Exercise data =
^^^^^^^^^^^^^^^^

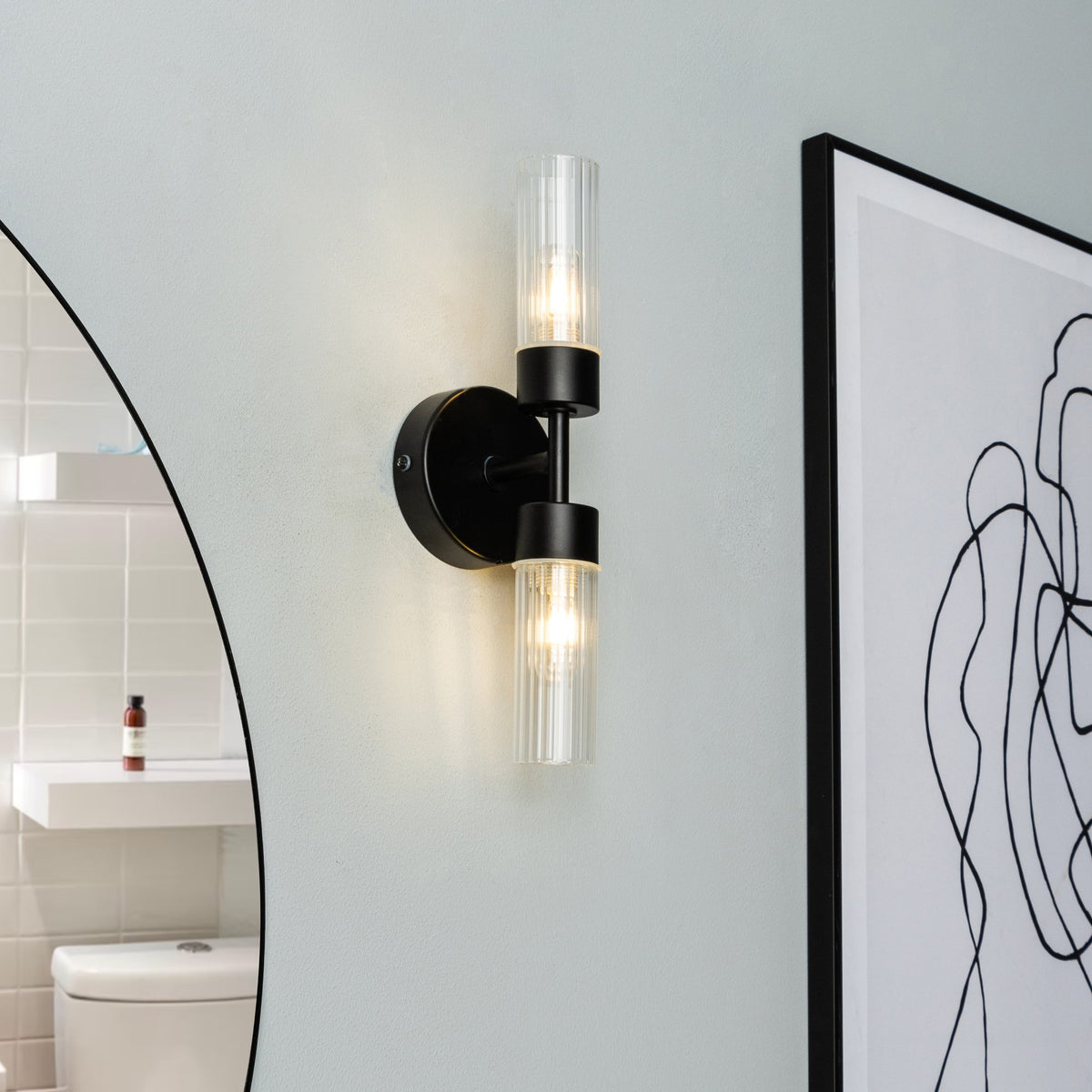 Ottawa Ribbed Wall Light. IP44. Black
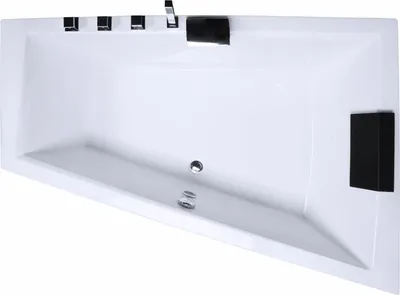 Produktbild von CARIBIA Rechteck Badewanne Diagool Größe - 180x125 Rechts Wasserfall Armaturset, Füße, Ablaufgarnitur und 2x Kopfkissen GRATIS
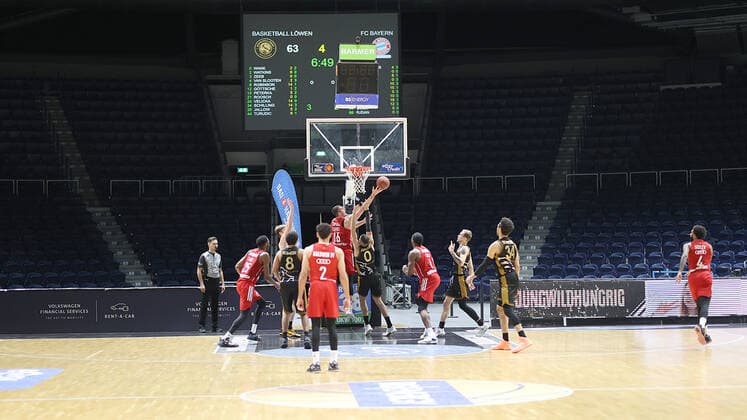 No spectators in the Volkswagen Hall at the Braunschweig vs. Bayern Muenchen Basketball League game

^^^^^^^^^^^^^^^^

Try it =
Repeat the listing verbatim. Skip the pictures.

Final answer =
 Ottawa Ribbed Wall Light. IP44. Black
 Produktbild von CARIBIA Rechteck Badewanne Diagool Größe - 180x125 Rechts Wasserfall Armaturset, Füße, Ablaufgarnitur und 2x Kopfkissen GRATIS
 No spectators in the Volkswagen Hall at the Braunschweig vs. Bayern Muenchen Basketball League game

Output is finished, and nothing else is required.